April 2012

Volume 27 Number 04

BizTalk - Batching EDI Data in BizTalk Server 2010

By Mark Beckner | April 2012

With the expandedElectronic Data Interchange (EDI) capa­bilities available in Microsoft BizTalk Server 2010, more companies are looking at how to leverage it within their environments. The batching of EDI data is some of the most valuable functionality that the platform can provide, yet it can be confusing and complex to implement. Using the steps outlined in this article, you’ll learn how to quickly and easily extract data from a source database and implement mapping and batching using several scenarios. Included in the discussion is information about configuring the SQL Adapter to retrieve data using FOR XML.

Solution Overview

Working with batched data in BizTalk Server 2010 can be quite complex, but much of this complexity can be removed if you think through your architecture and decide the best place to handle the various aspects of batching. In order to understand the primary components of batching, you’re going to work through the creation and configuration of each. You’ll start with creating a stored procedure that extracts the source data in a format readily consumable by BizTalk—and in a format that allows for various options of how you might want to batch your data. Next, you’ll look at creating a schema and options for mapping the data to the target EDI format. Finally, you’ll set up batching on a BizTalk Party Agreement so the data can be created and written out to a file. In order to work through this solution, you’ll need BizTalk Server 2010, Visual Studio 2010 and SQL Server 2008 R2.

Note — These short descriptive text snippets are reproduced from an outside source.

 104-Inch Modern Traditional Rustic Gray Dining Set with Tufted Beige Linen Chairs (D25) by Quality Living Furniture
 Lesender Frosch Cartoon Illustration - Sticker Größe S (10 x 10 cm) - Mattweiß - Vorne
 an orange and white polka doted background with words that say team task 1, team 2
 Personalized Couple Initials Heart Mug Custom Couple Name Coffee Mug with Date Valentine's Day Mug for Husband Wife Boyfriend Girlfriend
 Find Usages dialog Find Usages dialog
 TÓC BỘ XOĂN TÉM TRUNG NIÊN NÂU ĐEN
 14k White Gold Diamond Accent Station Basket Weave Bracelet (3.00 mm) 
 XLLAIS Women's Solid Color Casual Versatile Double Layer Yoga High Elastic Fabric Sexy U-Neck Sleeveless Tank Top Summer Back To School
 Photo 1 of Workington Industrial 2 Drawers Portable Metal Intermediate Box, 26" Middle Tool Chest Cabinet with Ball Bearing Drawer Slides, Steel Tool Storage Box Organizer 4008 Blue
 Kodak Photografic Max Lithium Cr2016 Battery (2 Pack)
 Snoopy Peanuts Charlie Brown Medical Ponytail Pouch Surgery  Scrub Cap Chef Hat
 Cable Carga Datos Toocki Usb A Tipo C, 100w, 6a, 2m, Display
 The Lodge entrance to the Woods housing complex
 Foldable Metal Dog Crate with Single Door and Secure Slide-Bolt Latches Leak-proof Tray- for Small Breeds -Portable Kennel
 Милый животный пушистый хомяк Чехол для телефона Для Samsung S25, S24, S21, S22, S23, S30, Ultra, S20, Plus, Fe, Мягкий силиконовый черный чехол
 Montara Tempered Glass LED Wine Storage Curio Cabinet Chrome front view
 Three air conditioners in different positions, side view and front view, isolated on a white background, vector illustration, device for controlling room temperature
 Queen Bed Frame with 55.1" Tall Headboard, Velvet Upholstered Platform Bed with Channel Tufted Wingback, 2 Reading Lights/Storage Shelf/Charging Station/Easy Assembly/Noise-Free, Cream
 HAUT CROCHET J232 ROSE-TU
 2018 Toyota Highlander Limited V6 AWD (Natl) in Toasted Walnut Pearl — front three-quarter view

Extracting Data from SQL Server Using FOR XML and XMLNAMESPACES

There’s a powerful option when querying data from SQL Server for use in BizTalk. This option is FOR XML, which allows data to be retrieved in a specific XML format. XML is the foundation upon which all data in BizTalk is based. When extracted as XML, the data from a stored procedure can be immediately ready for consumption by orchestrations and maps without the need to generate complex artifacts that are generally required when communicating through the various SQL adapters. The FOR XML approach has some great benefits:

  • It allows a SQL Server developer to write critical pieces of the integration architecture without having to learn BizTalk.
  • Additional fields can be added to the results and incorporated into BizTalk components with relative ease.
  • It’s an efficient way to process data and it reduces the number of components that must be developed.
  • It can be formatted to match target schemas in order to simplify mapping.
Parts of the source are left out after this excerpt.